(The following article first appeared in the February 2, 1994 issue of the now-defunct alternative newsweekly, Downtown, when CNN was still controlled by Ted Turner)
To provide more programming for his Channel 17 Atlanta Super-Station (renamed WTBS in the 1980s) and for the new TNT cable channel it planned to establish in 1988, Turner’s CNN/TBS acquired Hollywood’s MGM/United Artists for $1.5 billion in 1986. It then sold off all of its MGM/UA assets within six months for $800 million—except for the MGM film library of 2,280 titles, which included Gone With The Wind, The Wizard of Oz, Singin’ In The Rain, Citizen Kane, Casablanca and Miracle On 34th Street. The Turner Entertainment Company [TEC] film library “subsequently acquired 750 pre-1950 Warner Brothers films as well as the rights to 750 RKO pictures in the U.S.,” according to The Sky Barons by Neville Clarke and Edwin Riddell.
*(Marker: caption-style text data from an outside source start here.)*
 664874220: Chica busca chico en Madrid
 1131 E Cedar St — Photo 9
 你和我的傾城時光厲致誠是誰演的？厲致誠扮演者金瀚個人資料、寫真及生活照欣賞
The CNN/TBS/TEC media conglomerate thus possessed the world’s largest inventory of old movies prior to 1994.
As Forbes magazine (1/4/93) noted during the early 1990s, “a key element in Ted Turner’s success” had “been his insistence on owning as much programming as possible.” The same magazine observed that “because” Turner owned “many different outlets, he” was able to “use the same programming in many different ways” and “he also” was able to use “each of his networks to cross-promote the others.” Ironically, although Turner’s CNN/TBS claimed to be against censorship in the early 1990s, about 2,700 of the MGM, Warner Brothers or RKO films contained in the CNN/TBS/TEC film library of about 3,700 movies had still not been broadcast by Turner’s super-station or TNT to U.S. cable TV viewers as of 1993, apparently for commercial reasons, according to Forbes magazine (1/4/93).